Work request =>
Search the listing below for the line with "Heinrich Heine 0313257027 Book Cover", then write out that line and every one after it exactly, without the pictures.

Dataset extract =>
◆ ◆ ◆

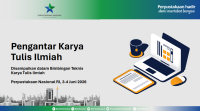 Image of Pengantar Karya Tulis Ilmiah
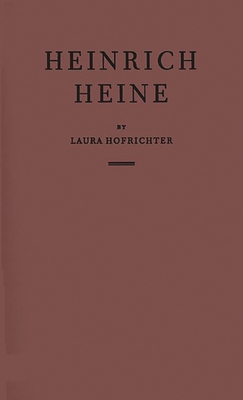 Heinrich Heine 0313257027 Book Cover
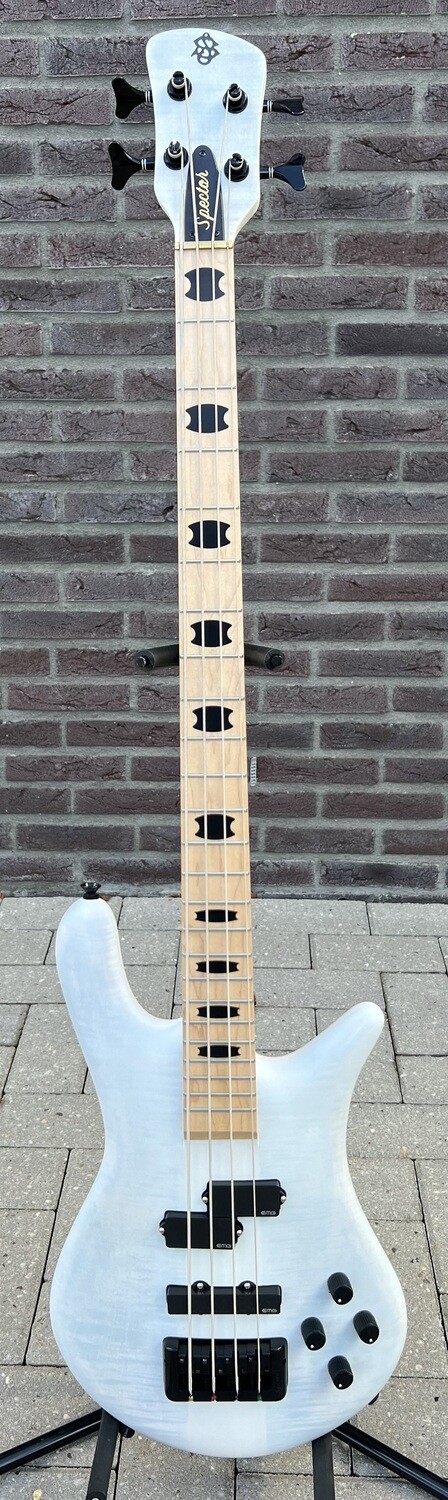Spector Euro4 LX White Matte Limited Edition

◆ ◆ ◆

The answer =>
 Heinrich Heine 0313257027 Book Cover
Spector Euro4 LX White Matte Limited Edition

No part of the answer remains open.